Sign-on bonuses of all types are becoming increasingly popular recruitment tools, as Merritt Hawkins reported that 20 percent of its searches included some level of medical school debt repayment. MGMA reported that not all incentives are financial and included wide variation in work requirements between specialties.

Among the specialties MGMA tracked, anesthesiologists and invasive cardiologists worked a median of 43 weeks; pathologists (both anatomic and clinical) worked 44; gastroenterologists, 45; nephrologists, 50; and diagnostic radiologists worked 52.

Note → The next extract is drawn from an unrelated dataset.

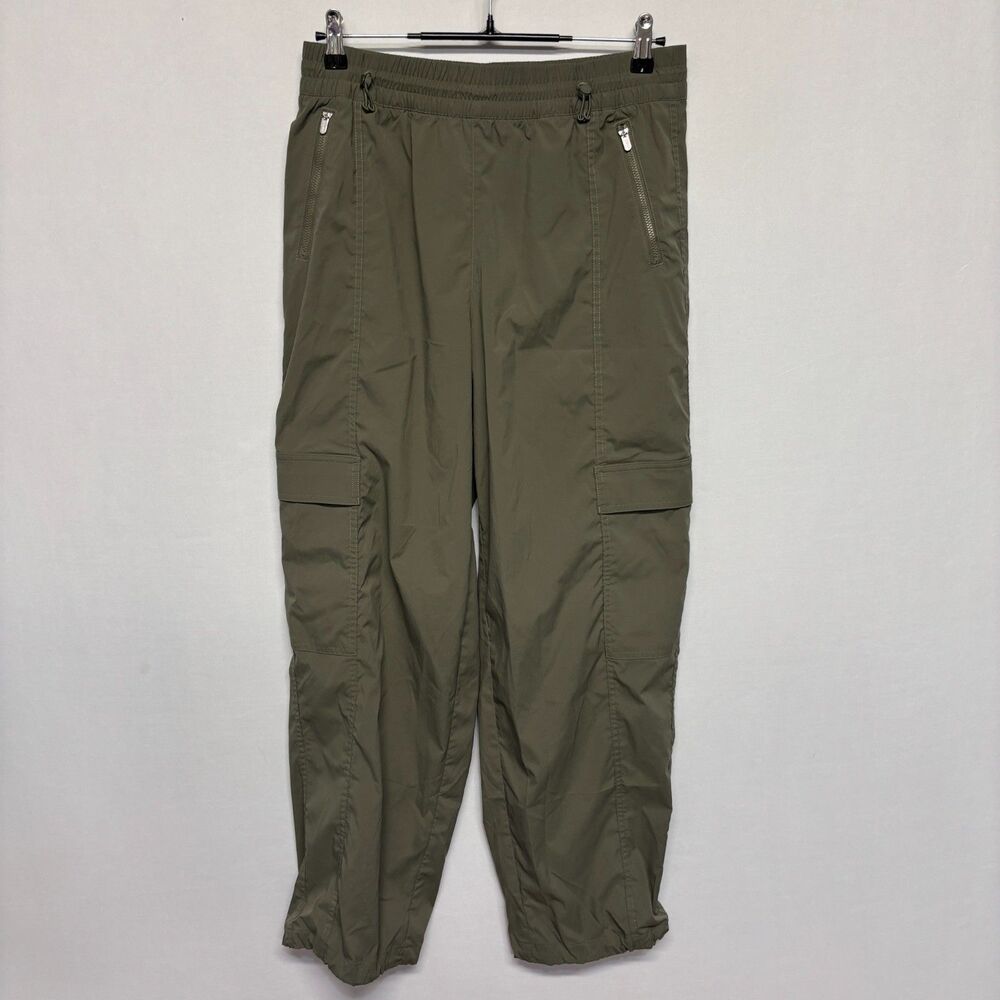 Athleta Cascade High Rise Cargo Poplin Pants Size Medium FA24 Olive C134 -19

System executives have to be careful of not violating anti-kickback regulations when structuring physician employment agreements, Denise Palencik, a senior associate at Philadelphia-based Veralon healthcare management consultants, wrote in a recent blog post. She noted how settlements in government legal actions illustrate how physician compensation must be based on fair-market value and must “make business sense” in support of an organization’s mission. Time worked is part of this equation.

“Some physicians do not want to take on or share in the burden of call coverage while others rely on the additional income that call coverage brings,” Palencik wrote. “If individual physicians are allowed to decline call coverage or take on additional hours of coverage, the physician’s base compensation should be adjusted accordingly.”

Boomers, Millennials Have Similar Goals

Evenson said that differences between older and younger physicians in terms of time worked and other values may be somewhat exaggerated.

“The goals of baby boomers and millennials are quite similar,” Evenson said. “The younger generation wants to be at the table making decisions and be engaged like the baby boomers. But they do have a drive for integration of work and life that does impact the environment they want to work within.”

The impact that millennials are having and the shift from fee-for-service volume- to value-based payments is real, Evenson said. But change is happening slowly.

“That migration won’t be overnight,” Evenson said. “To think that overnight we’ll be dominated by compensation plans that are (quality) incentive-based is a misnomer.”